Since the early nineties Sanja Ivekovic has been an important figure in political activism and, through her participation in collective initiatives and public projects, has defended a critical concept of gender politics, undertaking a personal commitment to social issues such as violence against women. Zenska kuca (House of women) is a project in progress which she began in 1998 and has developed internationally in association with different reception centres for women who have been victims of domestic violence. At each centre she asks the women to tell their stories and makes plaster models of their faces. This work is expressed in different forms: texts, postcards, posters, lectures, video presentations, etc. It is also structured as an installation, which presents the moulds of the faces of each of the women accompanied by their respective personal histories. So far she has worked with reception centres in Zagreb, Luxembourg, Bangkok and Pristina (Kosovo).

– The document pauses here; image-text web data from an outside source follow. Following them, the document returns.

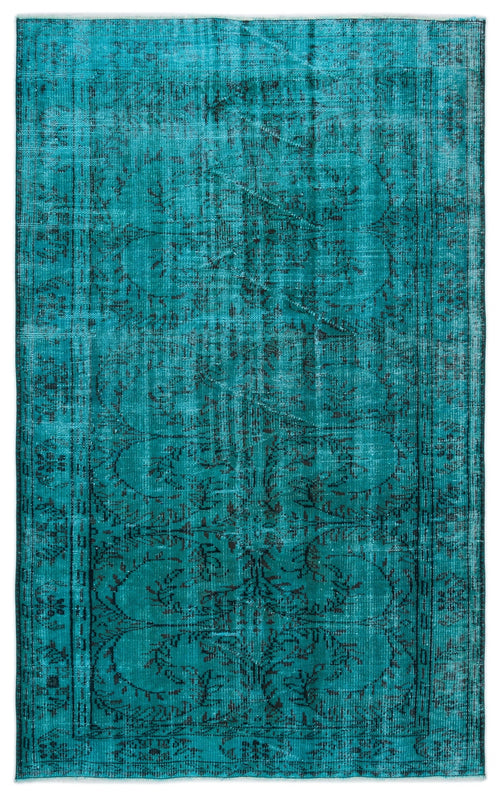 Atina Turquoise Vintage Wool Handmade Area Rug 5'10" x 8'0"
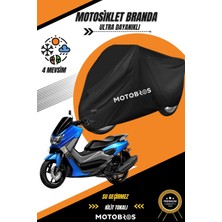 Motobros Yamaha Nmax Siyah Su Geçirmez Dayanıklı Motosiklet Brandası (En Kalın) Kumaş Ömürlük Kullanım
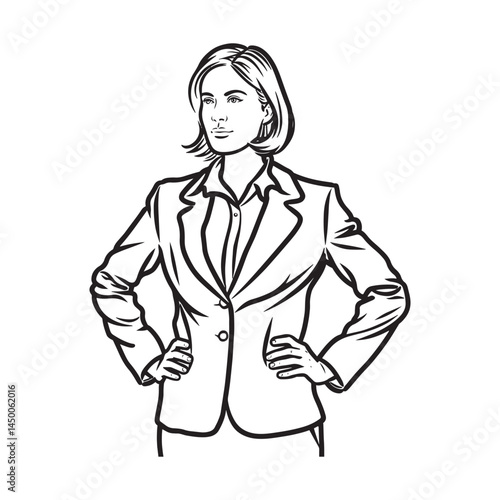Businesswoman pose minimalist sketch – business woman silhouette – business woman vector – business woman doodle – office illustration – business woman line art

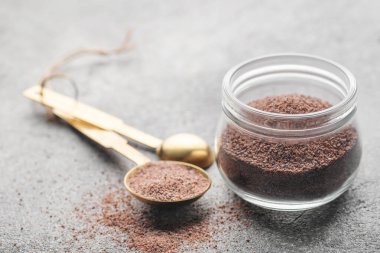 Jar of India black kala namak salt.  Healthy food concept. Speciality salt.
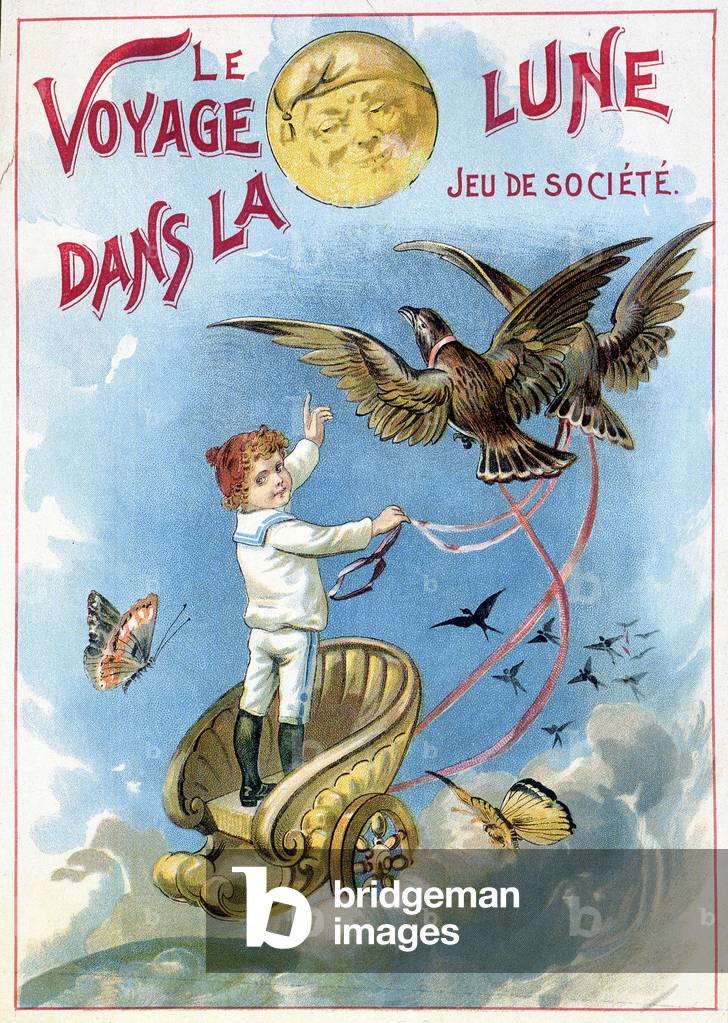 Child taken in a chariot drawn by birds towards the moon: “” The Journey in the Moon”” - game box, n.d. 19th century.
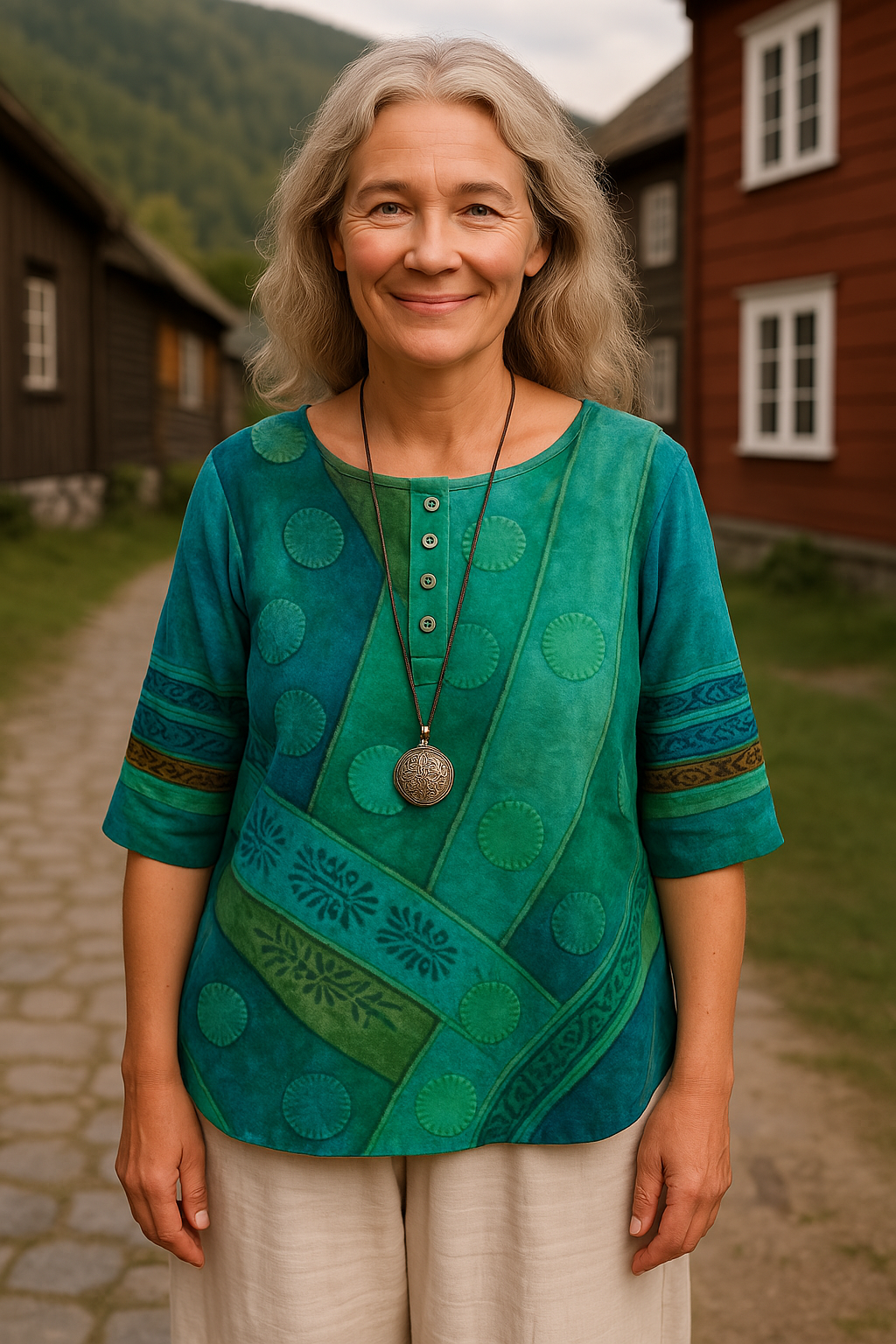 Emma | Farbige Top mit halblangen Ärmeln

Ivekovic, a conceptual artist, gives priority to the artistic concept and uses all kinds of techniques and media to formalise it. However, she shows an unusual capacity for putting her ideas into visual form and finding the right expression for each of them. In her artistic practice, a single idea often takes different shapes, changing from a performance to a video or an installation. She also uses different media to channel the ideas, often having recourse to infiltration strategies that enable her to go beyond the sphere of the museum and enter the mass media. Whether through the political and social content or the reflection on gender politics, her work turns a critical eye to the traditional power structures and analyses the relations between gender and power, constructing an artistic practice that has an unprecedented impact on the contemporary aesthetic and ideological debate and is always linked to a constant quest for human emancipation.